Exercise details: Of all the lines below, output only those starting at the one with "Juguete sexual de" and ending at the one with "View of home's", both ends included, exactly as written.

Given data:
+ + +
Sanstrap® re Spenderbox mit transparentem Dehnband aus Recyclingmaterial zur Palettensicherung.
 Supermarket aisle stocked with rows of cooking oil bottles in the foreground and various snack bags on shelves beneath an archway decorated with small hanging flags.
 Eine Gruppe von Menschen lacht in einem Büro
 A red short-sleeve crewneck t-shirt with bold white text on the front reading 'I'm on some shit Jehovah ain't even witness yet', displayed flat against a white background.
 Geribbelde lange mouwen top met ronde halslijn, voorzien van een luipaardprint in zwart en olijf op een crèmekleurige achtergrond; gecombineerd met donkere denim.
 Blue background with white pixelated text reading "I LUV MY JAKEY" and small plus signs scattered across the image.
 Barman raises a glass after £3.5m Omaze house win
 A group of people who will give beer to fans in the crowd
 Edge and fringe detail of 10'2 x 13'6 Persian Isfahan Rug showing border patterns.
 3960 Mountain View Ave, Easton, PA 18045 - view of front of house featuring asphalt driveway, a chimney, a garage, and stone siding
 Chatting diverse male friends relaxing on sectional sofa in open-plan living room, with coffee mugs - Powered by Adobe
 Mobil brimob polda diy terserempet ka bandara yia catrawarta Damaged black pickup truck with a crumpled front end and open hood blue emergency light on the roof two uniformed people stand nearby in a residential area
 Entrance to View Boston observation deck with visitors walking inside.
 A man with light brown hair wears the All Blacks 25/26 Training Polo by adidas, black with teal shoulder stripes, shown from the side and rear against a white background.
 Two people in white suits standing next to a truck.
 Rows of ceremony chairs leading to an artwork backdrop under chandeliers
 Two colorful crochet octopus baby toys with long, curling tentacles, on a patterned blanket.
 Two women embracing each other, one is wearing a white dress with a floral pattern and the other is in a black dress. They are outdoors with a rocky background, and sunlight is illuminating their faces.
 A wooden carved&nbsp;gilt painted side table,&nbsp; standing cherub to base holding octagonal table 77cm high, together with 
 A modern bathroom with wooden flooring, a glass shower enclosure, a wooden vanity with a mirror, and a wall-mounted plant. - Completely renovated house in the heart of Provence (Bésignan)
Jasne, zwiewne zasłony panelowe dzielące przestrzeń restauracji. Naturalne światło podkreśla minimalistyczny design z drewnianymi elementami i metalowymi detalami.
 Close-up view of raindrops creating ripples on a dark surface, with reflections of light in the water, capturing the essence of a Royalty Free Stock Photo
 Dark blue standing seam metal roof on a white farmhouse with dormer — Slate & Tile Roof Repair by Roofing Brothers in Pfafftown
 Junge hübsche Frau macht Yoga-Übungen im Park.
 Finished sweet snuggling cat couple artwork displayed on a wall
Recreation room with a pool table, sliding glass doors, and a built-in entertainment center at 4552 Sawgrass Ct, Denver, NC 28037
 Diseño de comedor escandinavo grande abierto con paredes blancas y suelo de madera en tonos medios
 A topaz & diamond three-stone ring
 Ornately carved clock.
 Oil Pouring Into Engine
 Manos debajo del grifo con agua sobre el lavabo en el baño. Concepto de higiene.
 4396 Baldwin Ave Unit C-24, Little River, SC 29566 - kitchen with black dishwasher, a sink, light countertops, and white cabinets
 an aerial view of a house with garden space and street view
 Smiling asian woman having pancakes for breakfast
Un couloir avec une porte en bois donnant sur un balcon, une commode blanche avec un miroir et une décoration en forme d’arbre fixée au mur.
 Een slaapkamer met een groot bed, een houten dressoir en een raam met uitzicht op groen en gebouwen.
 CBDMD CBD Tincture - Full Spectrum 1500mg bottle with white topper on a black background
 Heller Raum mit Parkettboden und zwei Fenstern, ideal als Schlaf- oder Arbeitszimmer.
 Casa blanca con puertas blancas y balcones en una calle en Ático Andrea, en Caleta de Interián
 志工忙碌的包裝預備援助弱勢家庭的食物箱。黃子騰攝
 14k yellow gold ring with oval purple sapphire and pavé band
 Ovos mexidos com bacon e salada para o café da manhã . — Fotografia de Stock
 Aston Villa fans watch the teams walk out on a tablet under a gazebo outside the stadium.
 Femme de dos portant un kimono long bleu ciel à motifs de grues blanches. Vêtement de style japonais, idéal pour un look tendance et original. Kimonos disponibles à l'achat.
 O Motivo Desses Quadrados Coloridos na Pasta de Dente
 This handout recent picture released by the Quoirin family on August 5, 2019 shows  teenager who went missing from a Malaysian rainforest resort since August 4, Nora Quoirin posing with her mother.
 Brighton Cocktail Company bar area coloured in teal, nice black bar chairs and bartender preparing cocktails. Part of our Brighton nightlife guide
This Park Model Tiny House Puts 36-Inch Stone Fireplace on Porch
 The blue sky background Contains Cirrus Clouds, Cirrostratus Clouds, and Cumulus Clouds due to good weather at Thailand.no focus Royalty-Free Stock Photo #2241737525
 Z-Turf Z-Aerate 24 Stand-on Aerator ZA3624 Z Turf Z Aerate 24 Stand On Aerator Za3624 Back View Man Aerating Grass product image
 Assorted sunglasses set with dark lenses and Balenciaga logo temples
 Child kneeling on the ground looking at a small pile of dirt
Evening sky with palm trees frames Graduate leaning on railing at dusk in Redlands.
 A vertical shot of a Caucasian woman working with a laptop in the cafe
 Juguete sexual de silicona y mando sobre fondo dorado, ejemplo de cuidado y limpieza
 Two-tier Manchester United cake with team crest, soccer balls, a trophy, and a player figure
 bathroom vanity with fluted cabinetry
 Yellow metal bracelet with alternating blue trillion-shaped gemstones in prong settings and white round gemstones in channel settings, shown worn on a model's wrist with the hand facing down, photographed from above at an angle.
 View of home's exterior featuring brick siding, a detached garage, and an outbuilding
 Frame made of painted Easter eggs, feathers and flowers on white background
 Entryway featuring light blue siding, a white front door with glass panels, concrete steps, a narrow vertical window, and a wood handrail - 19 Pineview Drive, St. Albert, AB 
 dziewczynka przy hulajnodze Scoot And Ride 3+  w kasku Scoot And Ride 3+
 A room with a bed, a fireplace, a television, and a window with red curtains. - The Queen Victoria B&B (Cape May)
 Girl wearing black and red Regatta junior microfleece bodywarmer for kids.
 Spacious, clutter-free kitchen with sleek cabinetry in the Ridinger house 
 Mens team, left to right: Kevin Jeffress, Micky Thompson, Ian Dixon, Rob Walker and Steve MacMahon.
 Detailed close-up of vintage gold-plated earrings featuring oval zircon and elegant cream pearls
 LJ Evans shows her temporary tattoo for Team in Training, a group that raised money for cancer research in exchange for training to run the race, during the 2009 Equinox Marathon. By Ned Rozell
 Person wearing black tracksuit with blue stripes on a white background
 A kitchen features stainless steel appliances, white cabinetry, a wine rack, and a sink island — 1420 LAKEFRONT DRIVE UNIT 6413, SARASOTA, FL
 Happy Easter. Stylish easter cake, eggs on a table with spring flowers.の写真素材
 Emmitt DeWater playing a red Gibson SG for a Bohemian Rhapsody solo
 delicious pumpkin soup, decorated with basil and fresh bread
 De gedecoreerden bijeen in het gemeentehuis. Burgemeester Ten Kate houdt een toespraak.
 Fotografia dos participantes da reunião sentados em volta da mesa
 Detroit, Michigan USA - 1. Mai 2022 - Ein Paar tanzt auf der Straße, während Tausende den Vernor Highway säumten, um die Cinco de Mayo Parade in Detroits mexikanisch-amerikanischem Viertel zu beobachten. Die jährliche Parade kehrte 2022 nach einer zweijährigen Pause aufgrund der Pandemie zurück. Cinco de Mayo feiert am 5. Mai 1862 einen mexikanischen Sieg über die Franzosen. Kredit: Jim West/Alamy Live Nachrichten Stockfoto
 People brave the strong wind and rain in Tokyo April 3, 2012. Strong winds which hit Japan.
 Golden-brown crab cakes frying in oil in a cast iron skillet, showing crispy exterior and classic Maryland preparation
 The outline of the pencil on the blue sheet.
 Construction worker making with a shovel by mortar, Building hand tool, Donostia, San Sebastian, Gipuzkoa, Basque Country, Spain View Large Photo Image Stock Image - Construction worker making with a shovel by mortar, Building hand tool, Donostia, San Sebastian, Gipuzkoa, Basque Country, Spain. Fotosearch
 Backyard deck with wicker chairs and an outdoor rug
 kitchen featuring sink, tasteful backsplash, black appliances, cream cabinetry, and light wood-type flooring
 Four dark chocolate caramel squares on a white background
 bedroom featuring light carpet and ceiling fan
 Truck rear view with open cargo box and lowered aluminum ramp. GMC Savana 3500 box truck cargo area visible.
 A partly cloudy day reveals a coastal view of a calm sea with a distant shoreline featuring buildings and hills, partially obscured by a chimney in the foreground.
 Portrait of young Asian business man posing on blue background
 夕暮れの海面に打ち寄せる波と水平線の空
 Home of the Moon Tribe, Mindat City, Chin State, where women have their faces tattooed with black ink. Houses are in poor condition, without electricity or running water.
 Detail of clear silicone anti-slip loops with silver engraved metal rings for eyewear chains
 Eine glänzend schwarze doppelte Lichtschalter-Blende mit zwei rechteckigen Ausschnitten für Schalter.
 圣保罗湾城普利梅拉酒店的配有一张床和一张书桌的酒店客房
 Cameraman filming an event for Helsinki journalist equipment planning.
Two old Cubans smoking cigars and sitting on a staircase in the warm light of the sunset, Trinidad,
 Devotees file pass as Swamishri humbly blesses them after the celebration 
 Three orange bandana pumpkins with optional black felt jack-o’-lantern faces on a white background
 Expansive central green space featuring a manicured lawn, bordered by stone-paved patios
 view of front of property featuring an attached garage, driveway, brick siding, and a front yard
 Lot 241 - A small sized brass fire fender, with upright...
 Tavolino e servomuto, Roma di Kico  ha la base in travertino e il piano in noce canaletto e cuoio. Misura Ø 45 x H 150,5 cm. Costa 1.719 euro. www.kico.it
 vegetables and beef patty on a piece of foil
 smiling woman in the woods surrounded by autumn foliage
+ + +
Completed exercise:
 Juguete sexual de silicona y mando sobre fondo dorado, ejemplo de cuidado y limpieza
 Two-tier Manchester United cake with team crest, soccer balls, a trophy, and a player figure
 bathroom vanity with fluted cabinetry
 Yellow metal bracelet with alternating blue trillion-shaped gemstones in prong settings and white round gemstones in channel settings, shown worn on a model's wrist with the hand facing down, photographed from above at an angle.
 View of home's exterior featuring brick siding, a detached garage, and an outbuilding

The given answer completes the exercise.